Secondly, in relation to the specialist support services that we know many children who are adopted need, how is the regional agency adoption approach having a positive effect, where we are already starting to see it happen?

Andy Elvin: We are currently working with the north London adoption consortium and the east London adoption consortium—south London is a regular choice—on introducing something called VIPP-SD, a post-adoption therapeutic intervention that comes from the University of Leiden in Holland. It is used with all adopters in Holland. It is evidence based and tested at country level. We are introducing it with six authorities in London and with one just outside London. We found co-operation patchy, I would say.

We have got six authorities across two consortia; other authorities in the consortia have not signed up to it. That was disappointing, given that the DFE for the CVAA are essentially paying for all this. It is a free and evidence-based service. It is interesting how decisions are made in local authorities, but those that have engaged have engaged magnificently and really well, and got involved very much in the spirit of the intervention. It is going very successfully so far. Local authorities can work together; I do have examples of the contrary, but that is the same in all areas. I do not think children’s services are peculiar in local authorities not working particularly well together.

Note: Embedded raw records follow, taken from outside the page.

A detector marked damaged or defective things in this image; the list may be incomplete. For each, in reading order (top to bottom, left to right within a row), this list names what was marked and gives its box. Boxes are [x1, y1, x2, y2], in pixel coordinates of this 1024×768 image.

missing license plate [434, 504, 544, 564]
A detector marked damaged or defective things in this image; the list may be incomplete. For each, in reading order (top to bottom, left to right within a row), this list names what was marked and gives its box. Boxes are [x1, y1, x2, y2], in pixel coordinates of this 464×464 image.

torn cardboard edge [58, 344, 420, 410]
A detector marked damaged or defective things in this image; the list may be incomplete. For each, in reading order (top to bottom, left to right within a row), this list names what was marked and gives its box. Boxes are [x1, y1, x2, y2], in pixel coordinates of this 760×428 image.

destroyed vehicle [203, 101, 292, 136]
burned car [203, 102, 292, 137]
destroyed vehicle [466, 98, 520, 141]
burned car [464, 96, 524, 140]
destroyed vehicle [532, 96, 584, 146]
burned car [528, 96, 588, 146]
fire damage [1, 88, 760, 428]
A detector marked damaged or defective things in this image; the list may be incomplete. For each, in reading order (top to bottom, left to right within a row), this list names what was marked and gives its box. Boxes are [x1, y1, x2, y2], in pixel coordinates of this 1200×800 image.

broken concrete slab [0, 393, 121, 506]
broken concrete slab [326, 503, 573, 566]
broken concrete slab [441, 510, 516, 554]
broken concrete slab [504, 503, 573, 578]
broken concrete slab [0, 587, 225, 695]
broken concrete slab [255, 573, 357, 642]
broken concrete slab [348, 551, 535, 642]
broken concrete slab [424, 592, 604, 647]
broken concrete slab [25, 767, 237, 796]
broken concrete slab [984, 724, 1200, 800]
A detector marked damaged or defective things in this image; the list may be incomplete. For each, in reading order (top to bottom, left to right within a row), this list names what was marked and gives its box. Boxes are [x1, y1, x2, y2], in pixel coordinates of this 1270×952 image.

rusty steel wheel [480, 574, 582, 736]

Anna Sharkey: From my point of view, working in ABC has been really good, a very positive development. I know my local authority colleagues will say that one of the strengths has been that it came from the bottom up. It was local authority social work working together and deciding that was a more efficient way of working, so pooling resources in respect of recruitment and training activity, how we do information events and so on. The next stage, which is really exciting in terms of the pilots and so on, is about how we are making the linking activity work much more effectively, and also looking at post-adoption support provision.

I know one of the previous speakers talked about the importance of accessibility and the transport networks. People need to be able to access their social worker and support that is readily available for them and their children. There are all sorts of things that can happen as a consequence of this, but definitely the bottom-up bit has certainly helped.

Alison O'Sullivan: I will very briefly point to Warrington, Wirral and St Helens, established I think in 2011, because it is the sort of thing the Bill envisages and has been working well. It has improved the numbers and the speed of recruitment and matching. For many years, Yorkshire and Humber have also been running post-adoption support on a collaborative basis across the region.

Andy Elvin: Can I just add that I am on the board of Frontline social work? We hope to be moving into a new region in the north-east, and the attitude of the consortia of local authorities up there has been exemplary in the way that they are working together. It really is very impressive.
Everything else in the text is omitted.